▶ Exercise requirements
Within the material below, locate the line with "السعودية تنفذ غارة" and the line with "Archiv Foto Webcam", then return those two lines and all lines between them, exactly as written.

▶ Given records

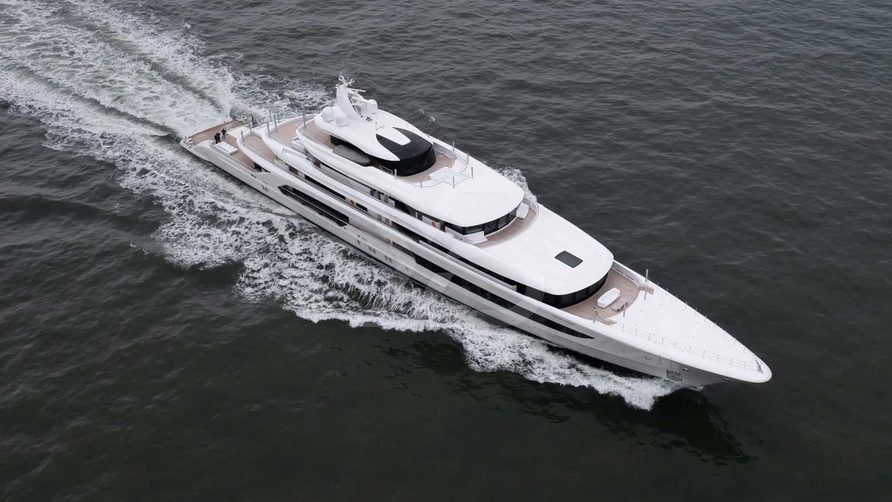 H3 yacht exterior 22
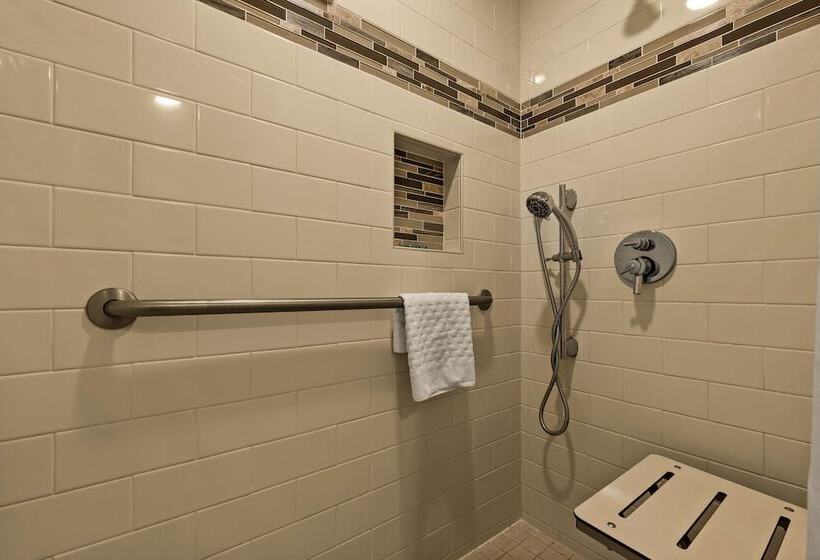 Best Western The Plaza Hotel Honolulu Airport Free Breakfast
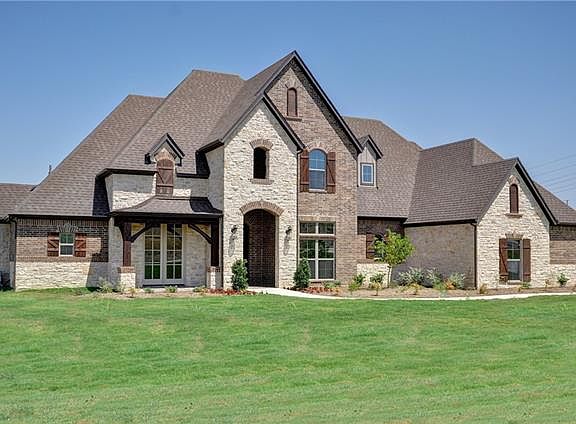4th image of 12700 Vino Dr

...

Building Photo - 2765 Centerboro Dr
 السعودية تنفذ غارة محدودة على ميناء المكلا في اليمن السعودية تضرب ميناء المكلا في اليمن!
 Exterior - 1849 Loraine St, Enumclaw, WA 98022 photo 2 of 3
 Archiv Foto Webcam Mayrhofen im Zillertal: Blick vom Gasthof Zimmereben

▶ Result
 السعودية تنفذ غارة محدودة على ميناء المكلا في اليمن السعودية تضرب ميناء المكلا في اليمن!
 Exterior - 1849 Loraine St, Enumclaw, WA 98022 photo 2 of 3
 Archiv Foto Webcam Mayrhofen im Zillertal: Blick vom Gasthof Zimmereben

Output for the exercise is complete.